A shareholder agreement establishes the terms, duties, obligation, rights, privileges between the shareholders of an Illinois corporation. Its purpose, among many, is to protect the shareholders’ investments in the corporation and sets out the shareholders’ rights and responsibilities; regulates the sale of corporate shares; describes how the corporation will be run; provides an element of protection for minority shareholders; and delineates the decision-making process and how important decisions will be made.
A well-drafted, thoughtful shareholder agreement ensures that the corporation runs efficiently, effectively and ensure that shareholders’ responsibilities are accounted for. The provisions of the shareholder agreement establishes clarity and certainty as to decision-making, duties, and rights; reduce the chances of conflict between shareholders (which is very important); and establishes the platform necessary for the corporation to run smoothly. A shareholder agreement works in conjunction with the company’s articles of incorporation and corporate bylaws but should provide the shareholders more protection than the articles of incorporation because it is comprehensive, highly negotiated and includes more operational details and protective provisions defining or limiting shareholder responsibilities.
A shareholder agreement is important in that it sets out the decision-making authority and restricts or broadens the power of the directors where necessary, and protects certain officers and directors when making decisions on behalf of the corporation against possible derivative actions of other shareholders, whether they are minority, majority or equal shareholders.

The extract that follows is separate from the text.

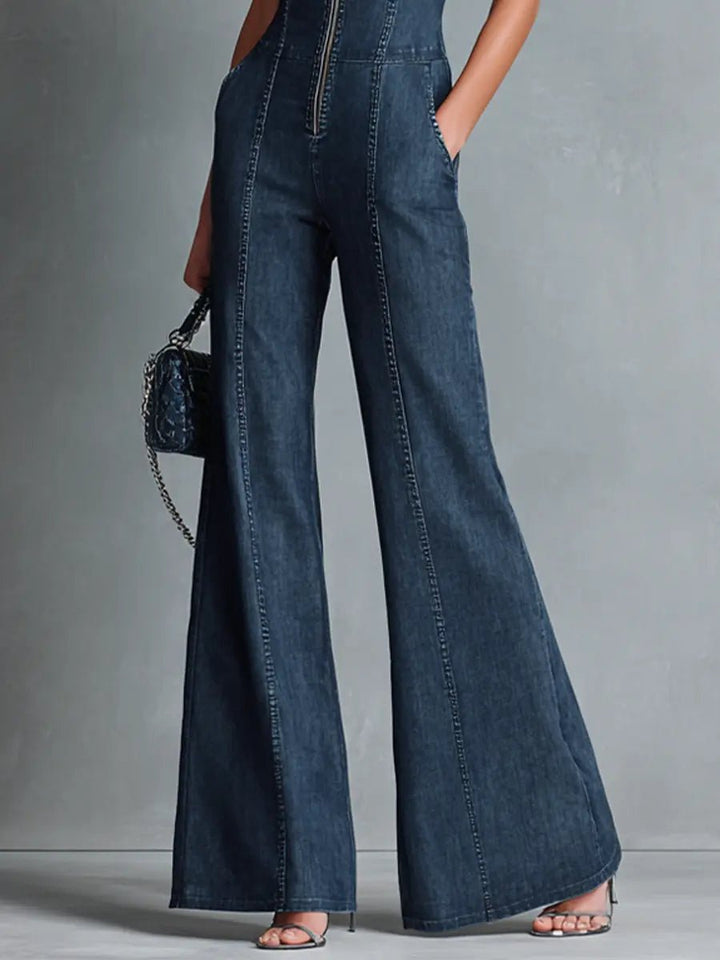 Dames Høj Hals Stretch Denim Flared Jumpsuit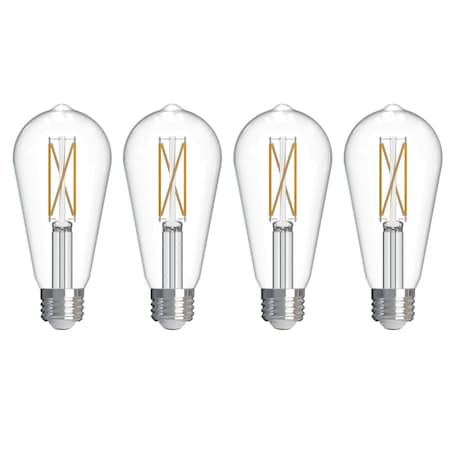 Bulbrite LED Filament PK of 4, 7.6 W Dimmable ST18 Light Bulb with Clear Finish and E26 Base - 2700K 776242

Further, a well-drafted, thoughtful shareholder agreement not only prevents shareholder disputes but also provides a framework and procedure for dispute resolution. Establishing a shareholder agreement often facilitates the process of raising finance from banks and demonstrates to potential shareholders, corporate executives and/or investors that the business is stable and well organized. The shareholder agreement, along with the bylaws, ensures stability because it prevents disruption and changes in the company’s situation when one shareholder’s personal circumstances change. For instance, shareholder agreements safeguard each shareholder’s financial interest in the company, and the interests of the shareholders’ families in the event of death. Finally, shareholder agreements protect the rights of minority shareholders and the investment value of the holding. Without this type of agreement in place majority shareholders may act against the minority shareholders’ interests.